If you look at the example, Joe from Joe’s Plumbing orders supplies that tend to sit on his shelves for 60 days. He then consumes the supplies during a service call and his customers take an average of 60 days to pay. In this case, the cash gap is 90 days.
So what is a cash gap and how do you reduce it? Quite simply, the cash gap is the difference between the time you pay for the inventory and the time you get paid by your customers. In Joe’s case, he was paid 120 days from the time he received the inventory but had to pay his vendor within 30 days. Therefore, his cash gap was 120 days minus 30 days or 90 days. How do you reduce your cash gap? There are really only three ways: 1) Reduce the number of days you carry your inventory, 2) Gain extended terms from your suppliers, and 3) Reduce the time it takes to get paid from your customers. Let’s explore each of these options.
The most overlooked, yet one of the most effective methods of improving cash flow is to simply improve your warehousing operation. By increasing your turns from six per year to twelve per year you will reduce your inventory from 60 days to 30 days. This way you will ship your products by the time you have to pay your vendors for them and reduced your cash gap by 30 days.
To ensure creditworthiness, you need to make certain that you pay your vendors in a timely manner. If you are unable to do so, you should contact your vendors to work out arrangements. Having said that, here are some tips to help you manage your payables. First, take full advantage of creditor payment terms. If a payment is due in 30 days, don’t pay it in 15 days. Next, use electronic funds transfer to make payments on the last day they are due. You will remain current with suppliers while retaining the use of your funds as long as possible. Finally, don’t always focus on the lowest price when choosing a vendor. Sometimes more flexible payment terms can improve your cash flow more than a cheap price.

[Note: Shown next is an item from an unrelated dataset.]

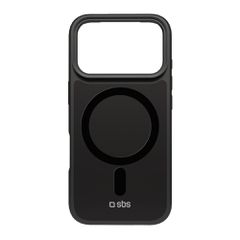 SBS Full Active Mag Case with D3O Technology for iPhone 17 Pro - Black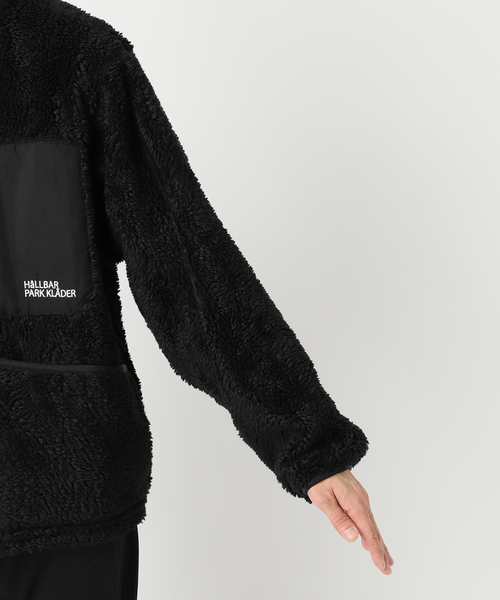 B.C STOCK(ベーセーストック)の「O.D.リバーシブルパークボアジャケット(ブルゾン・メンズ・ブラック/イエロー・LARGE/MEDIUM)」の10枚目の写真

Last, but certainly not least, you need to improve your receivables. If you are like Joe and it takes an average of 60 days to get paid by your customers. You are acting as a bank for your customers. There are many strategies to reduce your receivables but often the most effective is to simply pick up the phone, call your customer and ask for payment. Here are a few other well-tested strategies for improving receivables. Offer discounts to customers who pay their bills rapidly. Ask customers to make deposit payments at the time orders are taken. Require credit checks on all new customers before extending credit. Offer c. o. d. (cash on delivery) for all customers who do not meet your creditworthiness hurdle or who are slow paying. Issue invoices on the day the product is shipped, do not wait until the end of the month. One strategy I have used successfully in the past is to offer a sales contest but include in the rules that the customer must be current to receive a payment.
If you improve your inventory position, manage your payables and reduce your receivables you can reduce your cash gap from 90 days to under 30 days, freeing up more cash to invest in the growth of your business. Remember, cash is king!